En avril 2020, Didier Raoult demande l’accord du Comité de protection des personnes (CPP) de l’hôpital pour mener une étude. Refus de ce dernier en raison du manque de précisions indispensables. Raoult passe outre cette réponse, pourtant nécessaire sur le plan légal.

Quatre : un nombre ridiculement faible de patients.

Deux pour la ciclosporine, 19 dans la première étude publiée par Didier Raoult !

Cinq : une mentalité de cow-boy

Philippe Even est « un mandarin qui se veut à contre-courant de la pensée orthodoxe scientifique », note à juste titre Gilles Pialloux dans le documentaire de Patrick Cohen.
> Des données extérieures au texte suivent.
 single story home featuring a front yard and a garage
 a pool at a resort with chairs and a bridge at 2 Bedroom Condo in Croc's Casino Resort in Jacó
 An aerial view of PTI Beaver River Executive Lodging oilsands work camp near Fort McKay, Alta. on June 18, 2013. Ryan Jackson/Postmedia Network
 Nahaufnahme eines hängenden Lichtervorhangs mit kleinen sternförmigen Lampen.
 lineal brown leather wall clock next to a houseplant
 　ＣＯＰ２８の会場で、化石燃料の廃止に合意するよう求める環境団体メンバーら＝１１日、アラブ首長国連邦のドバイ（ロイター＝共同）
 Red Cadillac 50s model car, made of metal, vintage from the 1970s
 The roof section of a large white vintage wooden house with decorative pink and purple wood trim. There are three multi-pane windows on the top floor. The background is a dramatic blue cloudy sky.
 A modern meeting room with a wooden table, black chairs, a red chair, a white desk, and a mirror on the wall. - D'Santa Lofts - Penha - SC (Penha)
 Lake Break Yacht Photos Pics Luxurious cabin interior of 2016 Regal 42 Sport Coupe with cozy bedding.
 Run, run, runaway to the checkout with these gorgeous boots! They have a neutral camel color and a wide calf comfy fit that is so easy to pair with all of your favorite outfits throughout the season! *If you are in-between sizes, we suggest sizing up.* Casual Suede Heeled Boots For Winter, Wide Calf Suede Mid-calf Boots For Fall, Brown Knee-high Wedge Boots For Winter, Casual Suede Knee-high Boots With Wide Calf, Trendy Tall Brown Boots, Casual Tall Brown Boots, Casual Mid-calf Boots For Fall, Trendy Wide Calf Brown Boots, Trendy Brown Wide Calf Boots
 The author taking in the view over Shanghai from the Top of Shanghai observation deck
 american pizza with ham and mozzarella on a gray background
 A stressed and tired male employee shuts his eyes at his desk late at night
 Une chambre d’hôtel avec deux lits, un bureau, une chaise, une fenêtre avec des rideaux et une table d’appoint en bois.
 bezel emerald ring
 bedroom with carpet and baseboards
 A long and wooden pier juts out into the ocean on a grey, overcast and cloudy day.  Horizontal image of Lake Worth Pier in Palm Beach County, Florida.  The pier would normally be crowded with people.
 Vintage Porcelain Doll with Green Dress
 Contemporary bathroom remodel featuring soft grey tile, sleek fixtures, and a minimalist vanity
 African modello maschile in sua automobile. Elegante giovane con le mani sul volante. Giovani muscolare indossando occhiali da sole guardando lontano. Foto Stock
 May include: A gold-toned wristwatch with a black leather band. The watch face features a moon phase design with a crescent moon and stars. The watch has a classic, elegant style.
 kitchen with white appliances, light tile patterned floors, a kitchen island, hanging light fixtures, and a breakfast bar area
« Le consensus, c’est Pétain » ose déclarer Raoult dans une interview à Paris Match

Six : un refus obstiné de toute autocritique

Even, dans le documentaire de Cohen : « Je ne regrette rien, je ferais pareil aujourd’hui. Mieux vaut un faux espoir que pas d’espoir du tout »

Raoult, devant les députés : « L’histoire me donnera raison »

Sept : le politique s’en mêle

En 1985, Georgina Dufoix, fervente défenseuse de l’homéopathie et autres traitement alternatifs, annonce la conférence de presse sur la ciclosporine dans un communiqué à l’AFP sans même attendre la validation des autorités de tutelle des chercheurs.

En avril 2020, Emmanuel Macron se rend à l’IHU de Marseille, accordant qu’il le veuille ou non une forme de légitimité à Didier Raoult.

Huit : une absence totale de sanctions

Philippe Even s’en vante dans le documentaire de Cohen : « cette affaire n’a pas nui à ma carrière ». Et le pneumologue d’énumérer ses titres de gloire ultérieurs : membre du conseil d’administration de l’APHP, directeur de l’Agence de sécurité du médicament, doyen de la prestigieuse faculté de médecine de Necker à Paris.

Didier Raoult, lui aussi, est à la retraite. Il n’a connu ni blâme, ni avertissement, ni suspension. Et pas non plus la moindre mise en examen.

Plus de 35 ans se sont écoulés entre ces deux affaires, et pourtant l’histoire se répète à l’identique. A un détail près : avec Internet et les réseaux sociaux, la polémique prend une tout autre ampleur. Le complotisme s’en nourrit et jamais la défiance envers la science n’a été aussi grande, y compris chez les jeunes. Décidément, Didier Raoult aura fait beaucoup de mal, et pas seulement aux malades du Covid.